Empiric antibiotic therapy was prescribed to all groups of patients in accordance with international protocols for anti-infectious chemotherapy and WHO recommendations, as well as on the basis of the results of many years (more than 12 years) research on infection control at the Vakhidov Republican Scientific and Practical Medical Center of Chemistry.

Another important result of our study is the description of the features of the clinical, laboratory, and pathogenetic picture of the disease in patients with viral-bacterial and secondary bacterial pneumonia. The results of the study emphasize the importance and dictate the need for a thorough etiological decoding of each case of these pneumonias, which will ensure optimal, etiotropic and pathogenetic therapy, which is reflected in the developed algorithm of antibacterial therapy.

Antibiotic therapy should be started empirically within the first 4 hours of admission to the hospital. Depending on the severity of the patient's condition and additional diagnostic methods, modern antibiotics with a wide spectrum of action are prescribed, correction is carried out for the next 48-72 hours based on the results of bacteriological culture of biomaterial from the patient and / or methods for monitoring the effectiveness of antibiotic therapy (possibly with negative results, for example).

Also, every 3-4 days a patient is in the ICU, it is necessary to conduct microbiological studies to identify a possible change in the pathogen in order to provide adequate antibiotic therapy timely. In cases of severe (secondary) pneumonia, it is recommended to use original antibacterial drugs with proven activity and effectiveness, since practical experience shows that the use of ineffective generics can lead to the progression of the underlying disease or its prolonged treatment.

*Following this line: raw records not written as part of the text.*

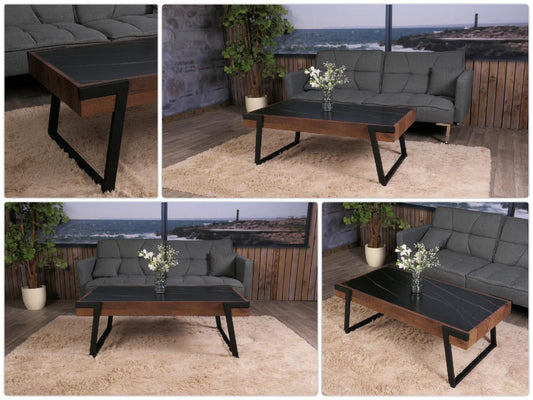 Cosmo Casa - Salontafel - Woonkamertafel - IJzeren Frame - Gesinterde Steen Marmerlook - Zwart en Donkerbruin Hout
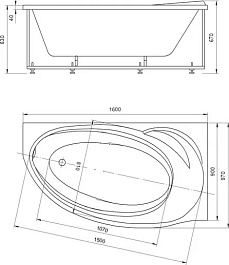 Aquatek Акриловая ванна Бетта 160 R с гидромассажем – фотография-5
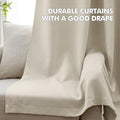 Cream Beige Blackout Bedroom Curtains Drapes 96 Inch Long 52"x96" (Cream Beige / 52"W x 96"L (Pack of 2))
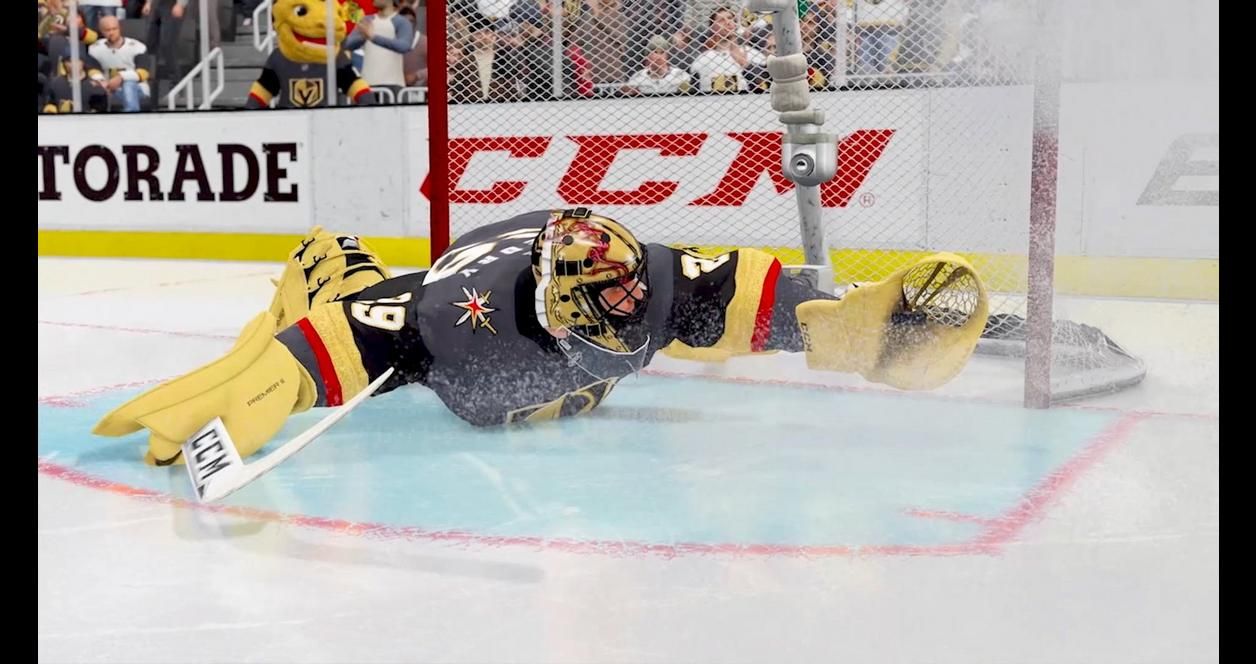 Golden Knight's goalie Marc Andre Fleury makes a spectacular save in NHL 22.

Activation by the virus of the entire proteolysis system and damage to capillary endothelial cells leads to increased vascular permeability, manifested by an increase in vascular permeability, fragility of their walls, and impaired microcirculation. The virus, entering the bloodstream, also causes suppression of hematopoiesis and the immune system. Secondary immunodeficiency develops, as a result of which various bacterial complications develop. The influenza virus, multiplying in the respiratory tract, causes metaplasia of the ciliated epithelium, the physiological function of which is to cleanse the respiratory tract of dust, bacteria, etc. If the ciliated epithelium is destroyed, it can no longer fully perform its protective functions, and bacteria more easily penetrate into the lungs. Thus, there is a risk of developing bacterial superinfection.

5. Conclusions

An algorithm for antibiotic therapy has been developed, considering the etiological decoding of each case of COVID-19 pneumonia, which allows for optimal, etiotropic and pathogenetic therapy. A comprehensive assessment of the results of bacteriological studies conducted in a multidisciplinary specialized clinic during the period of COVID-19 outbreaks showed an increase in the detection rate of infection with aggressive pathogens and microbial associations of Klebsiella pneumoniae, Pseudomonas aeruginosa and Staphylococcus aureus and the advisability of prescribing broad-spectrum antibiotics at the first stage of therapy in intensive care units. The high frequency of isolation of fungi of the genus Candida requires the use of antimycotics from the first hours of admission to the ICU.